We're sorry we shut down someone elses Web site.

April 09, 2007 | 01:32 PM
Shepherd Express

"Our airwaves should not have been used for this purpose. We apologize."

That simple public statement, emailed to me and countless others by Josh Krelewitz of ESPN's public relations department, brings an unsatisfying end to a cake-takingly inappropriate stunt performed by one of it's sportscasters.

ESPN Radio host Colin Cowherd has long held a bizarre relationship with the Internet. A little over a year ago he was caught reappropriating a humor piece for his show without attributing it to the prominent blog that wrote it. But if he loves the content (its so stealable!), he hates the authors even more. On Thursday, Cowherd instructed his listeners to conduct a DNS attack on The Big Lead blog because he thought it would be funny.

A DNS attack is the Internet equivalent of a U-Boat blockade. Vandals overload a server with so many requests that the server shuts down. It is a form of terrorism. It is not how well-meaning adults communicate.

On the radio show, Cowherd portrayed The Big Lead as a site chosen at random, as one of a number of "annoying" blogs that he would take out in the coming weeks. "Wouldn't it be great if we basically gave out every day a Web site – a new, young web site – and just blow it up?"

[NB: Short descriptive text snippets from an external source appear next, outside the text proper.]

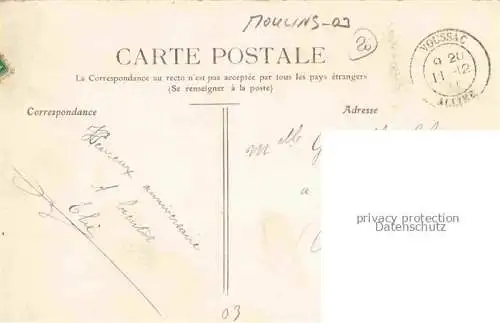 AK / Ansichtskarte Moulins  03 Allier Vue d'ensemble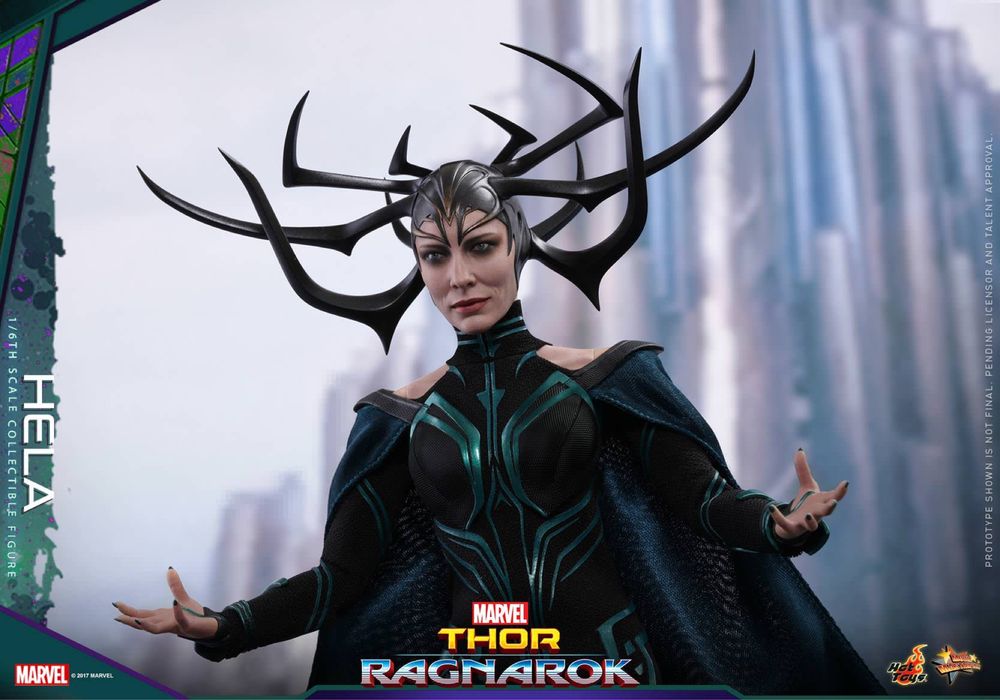 Фігурка 1/6 Hot Toys MMS 449 Thor: Ragnarok – HELA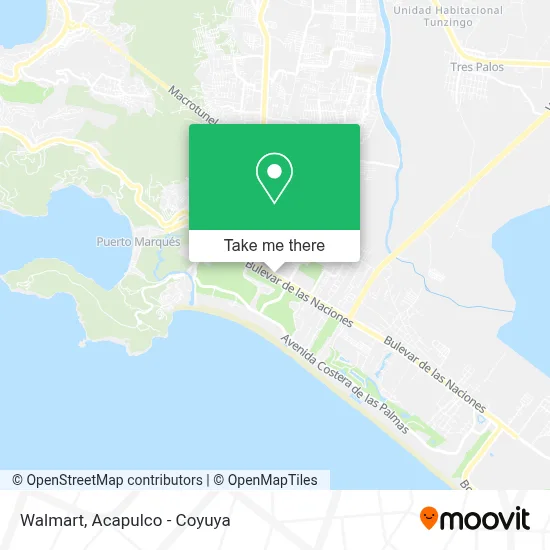 Walmart map
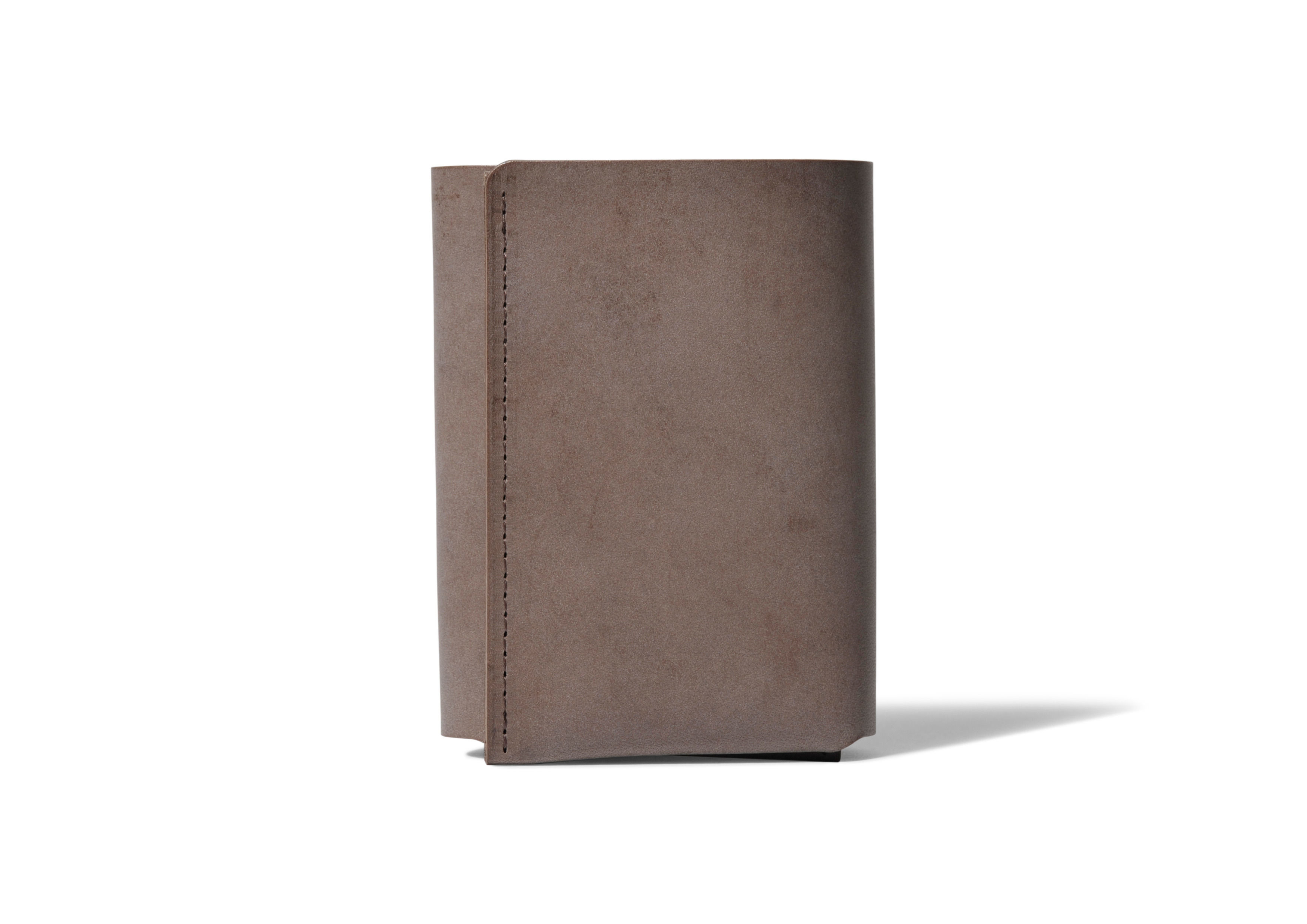 【クーポンあり】FABRIK TRI-FOLD WALLET CHOCOLATE | ファブリック 三つ折り 札入れ コンパクト 財布 本革 小銭入れ 人気 おすすめ おしゃれ かわいい プレゼント 日本製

Cowherd instructed the audience nationally syndicated show to simultaneously visit the site. He closed The Big Lead in 90 seconds and kept it down for 48 hours.

With it went the advertising revenue that The Big Lead would generate over a two day period and the articles occasionally critical of ESPN. With it went any sense of decorum. The Godzilla of sports media had torn apart a kitten of competitors.

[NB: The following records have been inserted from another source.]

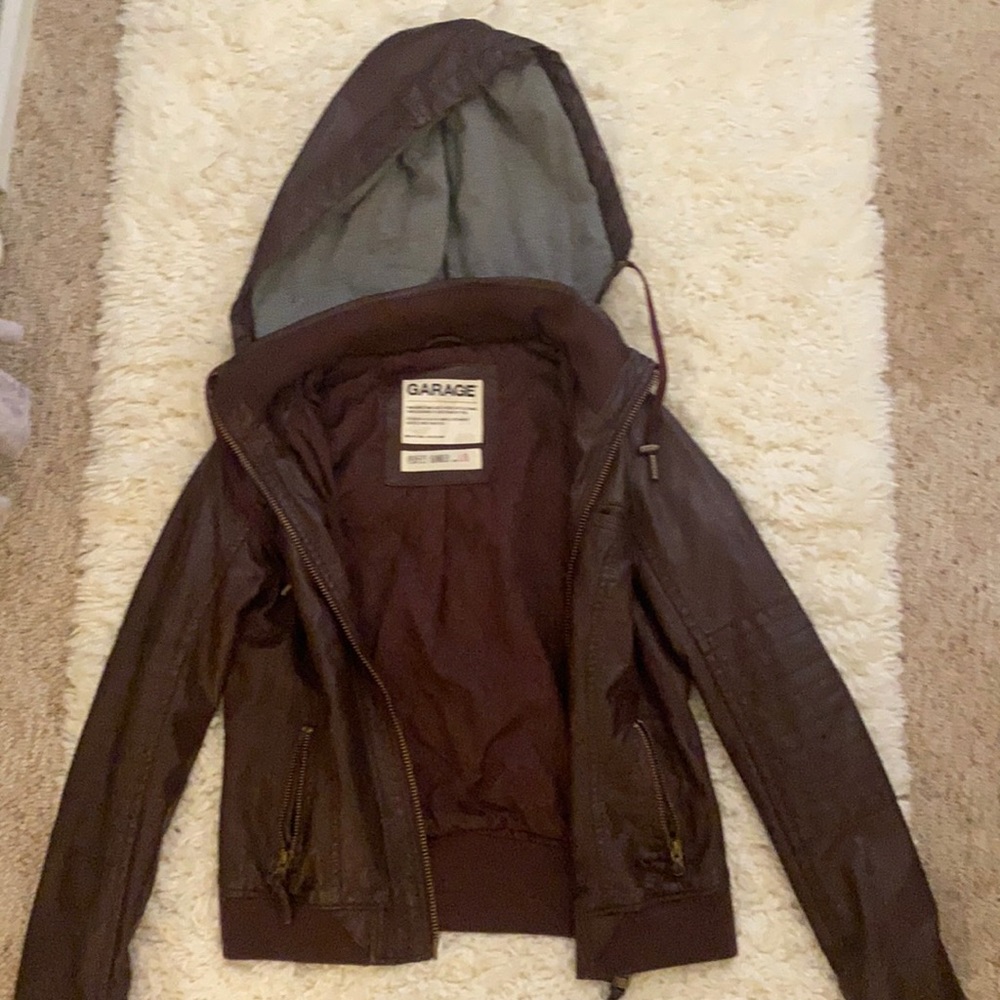 Garage Bomber Jacket size L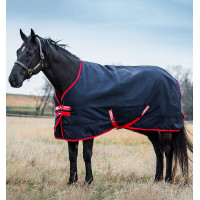 Außendecke Horseware Rambo Original 200g Marine / Rot Blau Außendecke Horseware Rambo Original 200g Marine / Rot Blau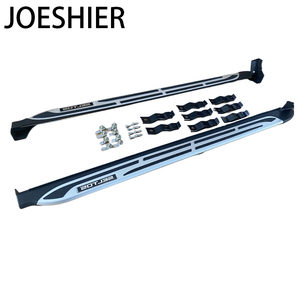 Marchepieds latéraux tout-terrain en alliage d'aluminium de haute qualité JOESHIER pour Kia Seltos 2019-2026 – Vente en gros directe usine chinoise - Product Image 3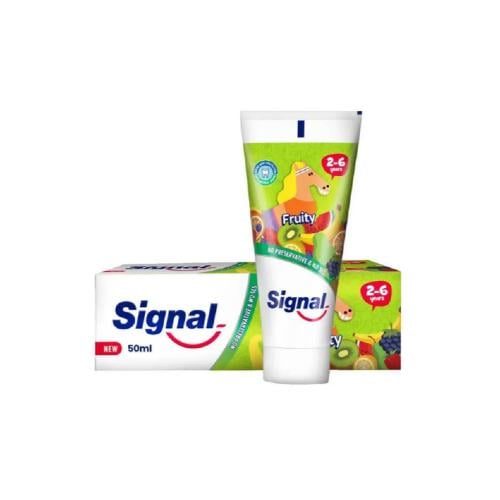 سيجنال - معجون اسنان للأطفال بالفواكه - 50 مل - si...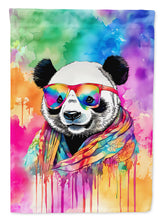 Load image into Gallery viewer, Panda Garden Flag - Hippie Aniimals - Animal-Themed Yard Decor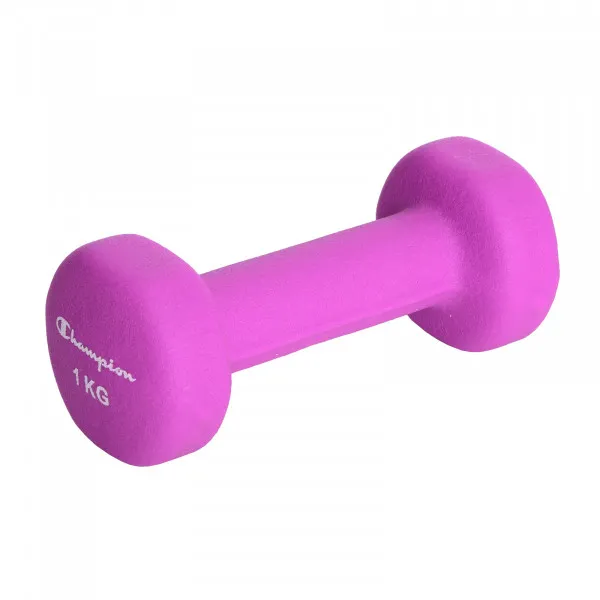 Champion Fitness oprema CHAMPION HAND WEIGHT 1KG PURPLE 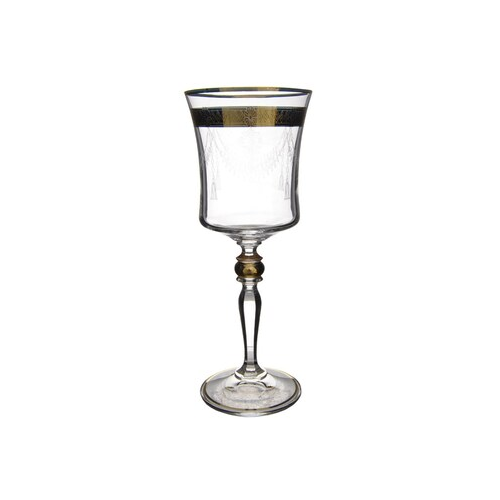 Набор бокалов для вина Грация (210 мл), 6 шт. 23498 Crystalite Bohemia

The radio show made clear that Cowherd knew at least some of the effects of what he was doing. He commented to his in studio team of co-hosts that overspending a Web site's bandwidth causes an owner to pay more in monthly bandwidth fees.

"Don't you find this a bit amateurish?" asks a co-host.

"Yes I do," responds Cowherd. "But I'm having a great time."

ESPN Ombudsman Le Anne Schreiber wrote in her column today that ESPN had instituted a "zero-tolerance policy" against radio personnel using the airwaves to hinder other businesses in the future. They didn't have a policy until now, because no one had conceived that a Collin Cowherd would overstep the boundaries so far.

Though the goal was to remove something annoying, Cowherd has only succeeded in generating more annoyances. Now it won't just be the blogs scrutinizing his every move, but also his bosses.

The Herd with Colin Cowherd can be heard weekdays from 9am to 12pm on WCLB.